Source material below:
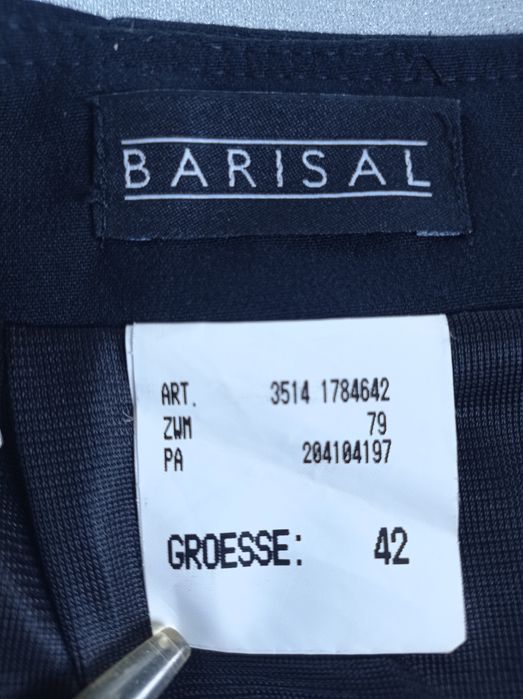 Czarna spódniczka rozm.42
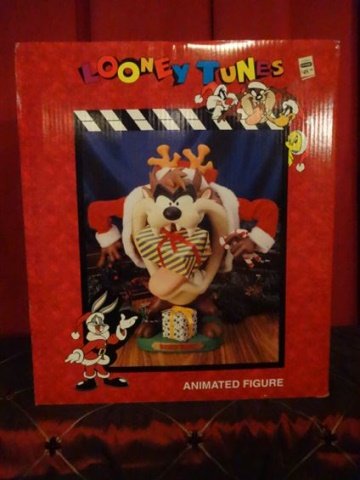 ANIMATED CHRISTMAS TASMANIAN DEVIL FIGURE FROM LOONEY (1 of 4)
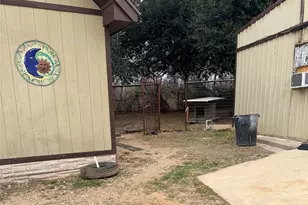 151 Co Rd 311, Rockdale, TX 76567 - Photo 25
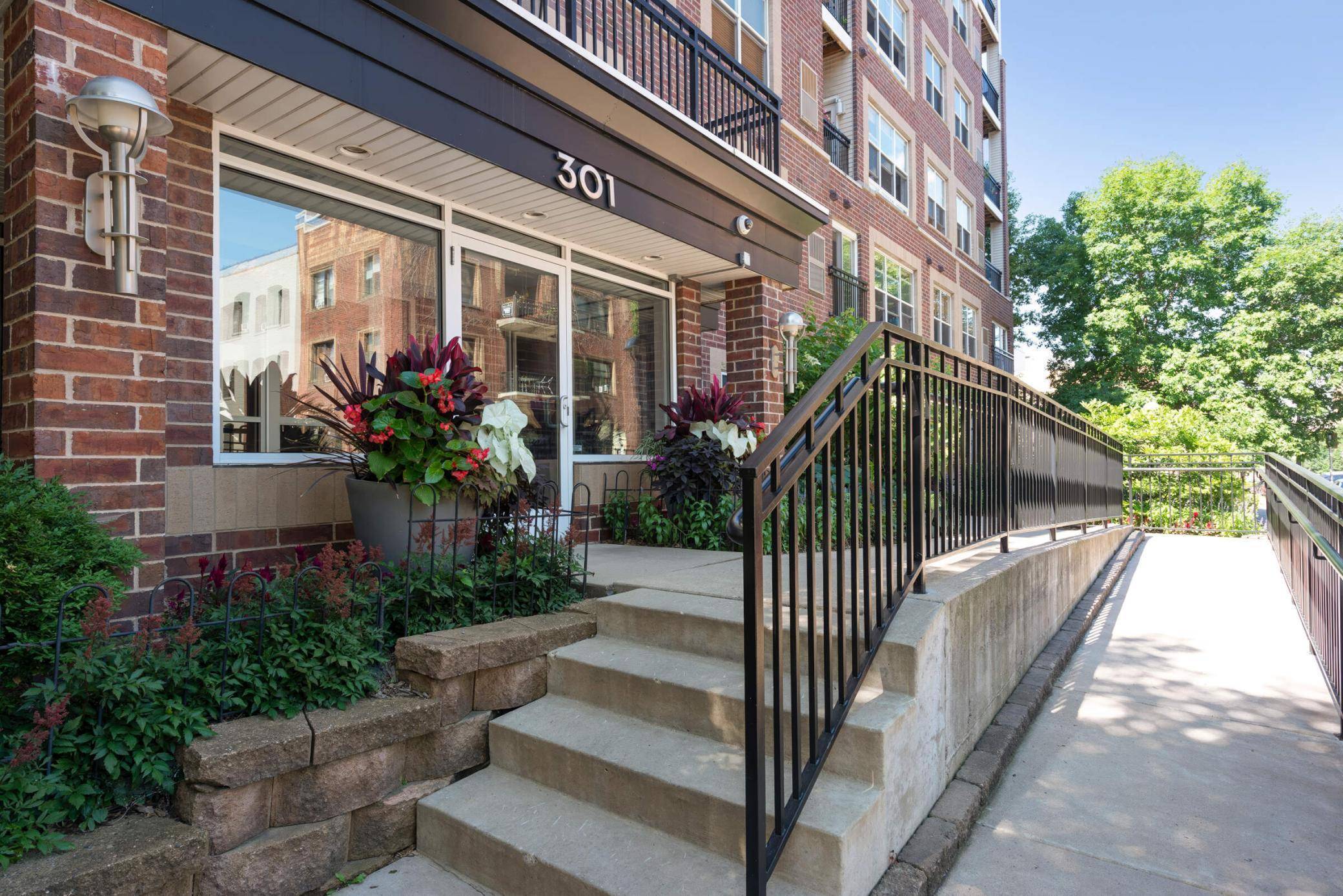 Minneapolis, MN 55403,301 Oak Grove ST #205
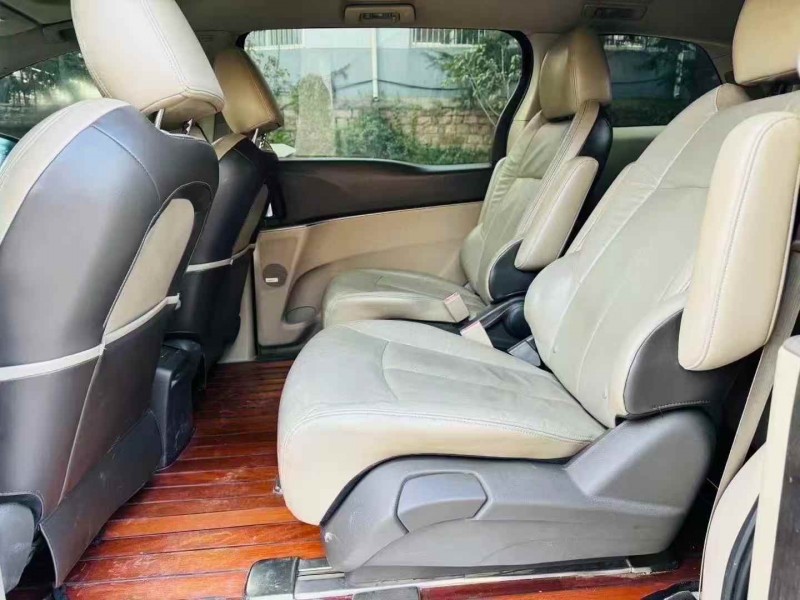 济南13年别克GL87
End of Source material.
■ Exercise instructions ■
Write out exactly the lines from the line that contains "ANIMATED CHRISTMAS TASMANIAN" to the last line of the material above, both included; pictures do not belong in the copy.

■ Answer area ■
 ANIMATED CHRISTMAS TASMANIAN DEVIL FIGURE FROM LOONEY (1 of 4)
 151 Co Rd 311, Rockdale, TX 76567 - Photo 25
 Minneapolis, MN 55403,301 Oak Grove ST #205
 济南13年别克GL87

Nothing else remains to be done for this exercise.